I actually think we're going to see the opposite and we're going to see not how organized they are, but how decentralized they are and how that makes them far, far more resilient than organization does. The vast, vast majority of the drugs passes through border checkpoints and are smuggled by American citizens who live in border cities and cross regularly. Just at one border crossing between TJ & San Diego, Ysidro, 40K vehicles and over 100K people per today cross legally. That's the busiest crossing on the border, but that's one of 50 border crossings. Most of the fentanyl smuggled in (like, 90%+) is smuggled in small batches, carried across in day bags and backpacks by people legally allowed to cross the border.

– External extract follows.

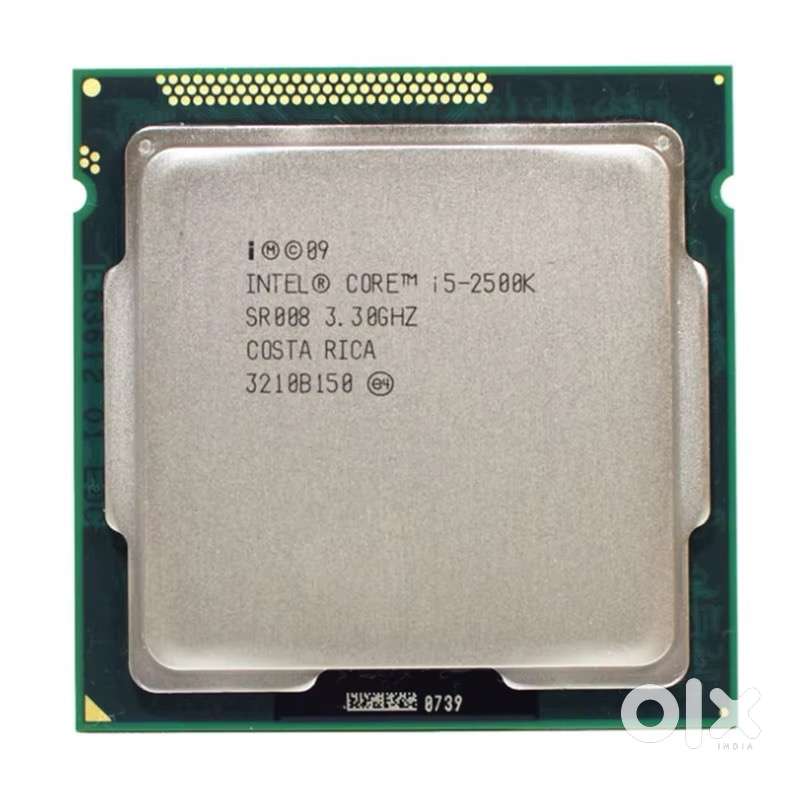 Intel processor + 8gb ram stick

Where this might have impact is in human trafficking (it's difficult for migrants to even reach the border region without being escorted in by the chain of coyotes). The human trafficking occurs in the empty spaces between border check points, is way easier to interdict with drones, sensors, cameras, etc. I could see that slow down signficantly (and other modes pick up some of the slack, like air travel, sea smuggling, etc). But what I think is fairly unlikely is the coyotes getting into fire fights. That's bad for business, they'll find ways to adapt instead.
As usual, it's the poorest people in the equation that will suffer the most. The migrants caught in between the coyote/cartel network and increased "enforcement".